Development of Surrogate Models for Uncertainty Quantification in Manufacturing Engineering and Material Analysis

Abstract

Computer simulations are a widely used tool in computational science and engineering to, e.g., analyze the behavior of components or materials, to enhance the development of manufacturing processes with fast and accurate a-priori forecasts, or even to control those processes during ongoing operation. The underlying models need to be capable of covering all relevant effects while fulfilling the accuracy required for the analysis. These so-called high-fidelity models are often based on methods like the Finite Element Method (FEM).

With the help of these tools, we wish to make reliable assertions and predictions for one or more quantity of interests (QoI), also in the presence of uncertainty, e.g., in process conditions, material properties or similar influencing factors. Thus, methods from the field of Uncertainty Quantification (UQ) can enhance the quality of processes and products by augmenting the results for the QoI with quantified probability measures, eventually leading to an increased reliability and an additional support in decision-making.

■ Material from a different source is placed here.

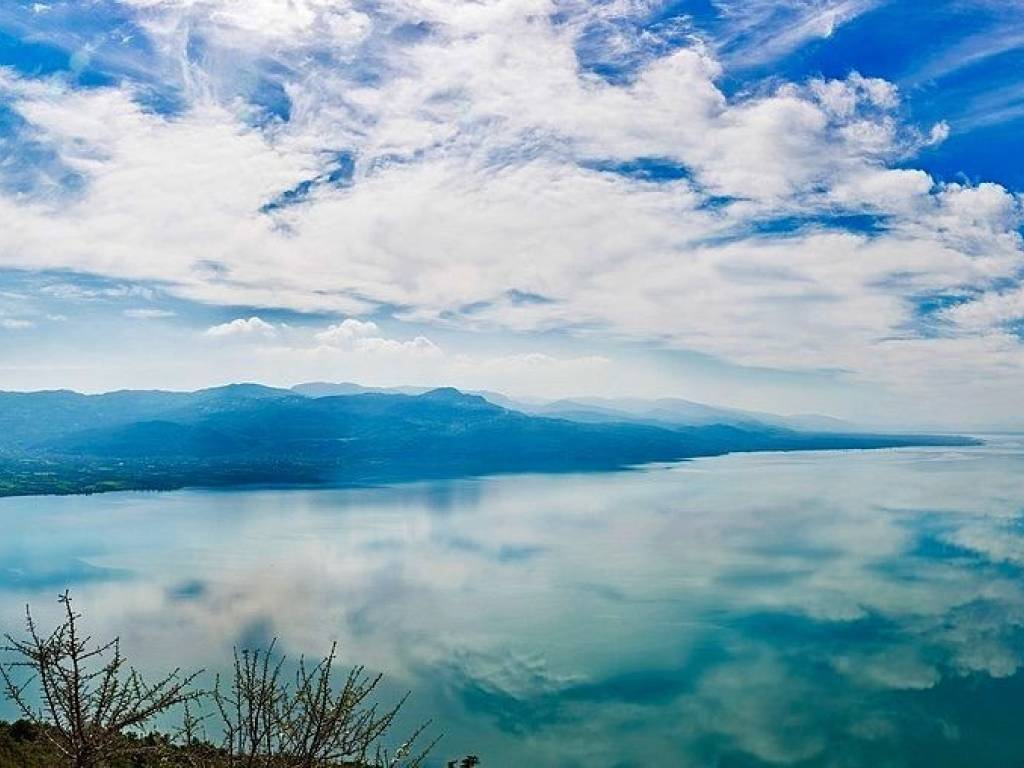 Η ΛΙΜΝΗ ΤΡΙΧΩΝΙΔΑ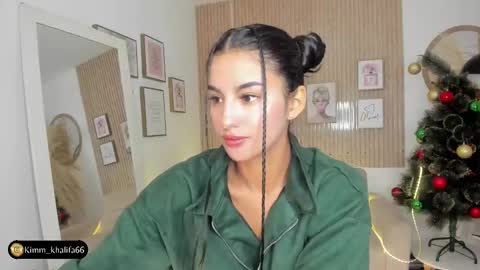 Kim  online show from January 3, 2025, 8:11 pm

In this context, employing the original, high-fidelity model may easily exceed available resources or required feedback times. Here, the usage of surrogate models, which are computationally cheaper, can provide a remedy. To that end, we investigate two strategies.

First, we consider sampling-based UQ methods that usually require a great number of evaluations of the underlying model. Therefore, instead of relying on the high-fidelity model, we follow the path of Model Order Reduction (MOR). Based on the original FEM model, a reduced model with decreased computational complexity is constructed, while keeping its accuracy in the desired range. In particular, we explore the benefits of intrusive MOR techniques. The approach that will be presented makes use of Proper Orthogonal Decomposition (POD), where a subsequent Galerkin projection of the operators onto the constructed subspaces is performed.

As an alternative, one also may take a probabilistic view point from the outset in constructing the surrogate model. In this spirit, we investigate the advantages of Gaussian Process Regression (GPR) as a meta model. Following a Bayesian approach, we compute a predictive distribution for the QoI, given certain training data. The latter can be based on samples produced by the high-fidelity FEM model but also on measurements.

Finally, the integration of the resulting surrogate models into an UQ setting is demonstrated for applications coming from polymer processing or material analysis.